The German conservatives are calling on Chancellor Olaf Scholz to take action to address the country’s economic problems, including getting rid of the EU supply chain law known as the corporate sustainability due diligence directive. With elections set for late 2025 and the centre-right CDU/CSU currently leading in the polls, the economic outlook for Germany is a cause for concern as many companies are relocating their production to other countries.
In a letter to Chancellor Scholz, CDU leader Friedrich Merz outlined 12 measures that he believes could improve the country’s economic situation. He has also urged Scholz to abandon his current government partners and rebuild the country’s “grand coalition” on the issue of migration. These measures include cutting the corporate tax burden by a sixth and capping social security contributions at 40% of gross wages, as well as vetoing the EU’s Corporate Sustainability Due Diligence Directive (CSDDD). The conservatives’ support for these measures has been welcomed by the liberal FDP, while the Greens and SPD have been more cautious.

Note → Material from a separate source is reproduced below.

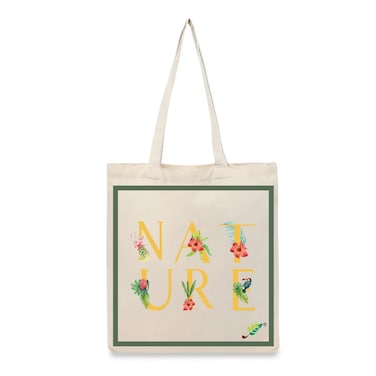 BYFT Tote Bag - Nature Printed Stylish Carry-All Cotton Bag Set of 01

The letter from Merz is just one of many proposals on how to address Germany’s economic challenges. Vice-Chancellor Robert Habeck has proposed a special shadow budget of €1.6 trillion for industry, while Finance Minister Lindner has suggested a “dynamising programme”, which includes slashed corporate taxes and a focus on CO2 pricing. The SPD has not yet presented its suggestions for addressing the country’s economic woes.